## Exercise
Print the listing below exactly, minus its pictures.

## Dataset records
■ ■ ■
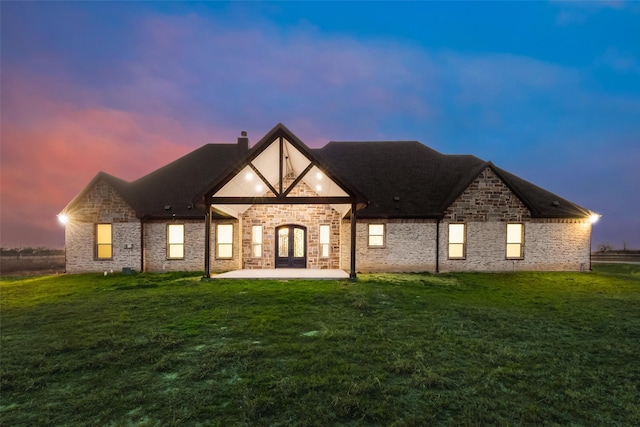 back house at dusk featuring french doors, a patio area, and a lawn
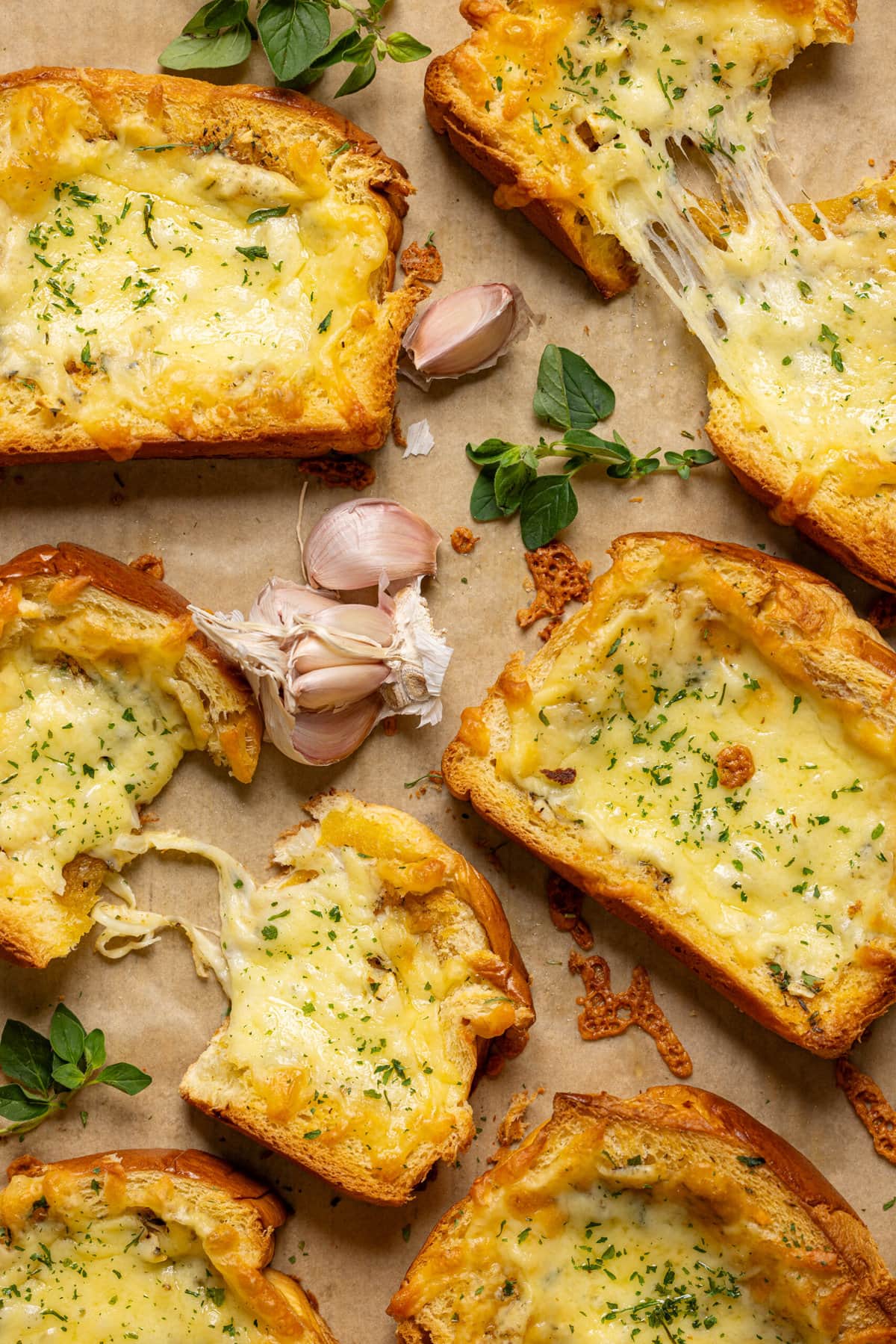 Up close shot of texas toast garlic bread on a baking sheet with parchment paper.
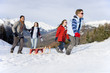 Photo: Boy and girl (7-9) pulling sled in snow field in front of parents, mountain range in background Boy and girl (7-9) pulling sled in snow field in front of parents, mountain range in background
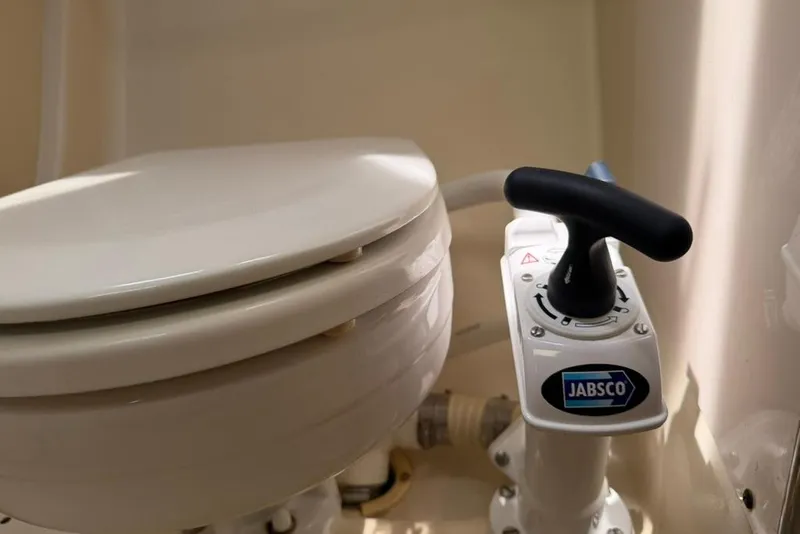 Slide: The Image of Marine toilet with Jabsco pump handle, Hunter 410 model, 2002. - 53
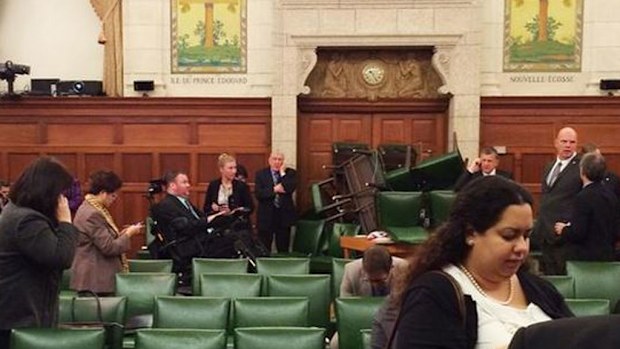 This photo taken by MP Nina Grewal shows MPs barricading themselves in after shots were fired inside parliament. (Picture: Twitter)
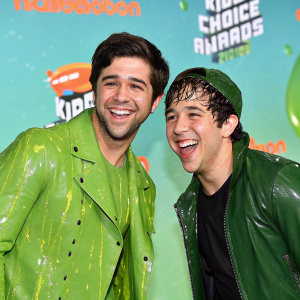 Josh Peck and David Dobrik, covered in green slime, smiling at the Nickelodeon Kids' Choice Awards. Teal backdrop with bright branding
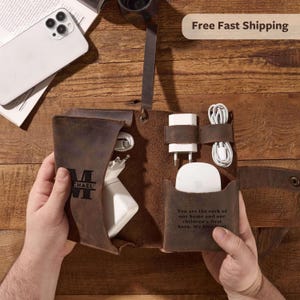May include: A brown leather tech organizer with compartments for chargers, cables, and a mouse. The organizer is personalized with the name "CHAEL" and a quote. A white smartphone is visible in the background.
■ ■ ■
## Response to this exercise
 back house at dusk featuring french doors, a patio area, and a lawn
 Up close shot of texas toast garlic bread on a baking sheet with parchment paper.
 Photo: Boy and girl (7-9) pulling sled in snow field in front of parents, mountain range in background Boy and girl (7-9) pulling sled in snow field in front of parents, mountain range in background
 Slide: The Image of Marine toilet with Jabsco pump handle, Hunter 410 model, 2002. - 53
 This photo taken by MP Nina Grewal shows MPs barricading themselves in after shots were fired inside parliament. (Picture: Twitter)
 Josh Peck and David Dobrik, covered in green slime, smiling at the Nickelodeon Kids' Choice Awards. Teal backdrop with bright branding
May include: A brown leather tech organizer with compartments for chargers, cables, and a mouse. The organizer is personalized with the name "CHAEL" and a quote. A white smartphone is visible in the background.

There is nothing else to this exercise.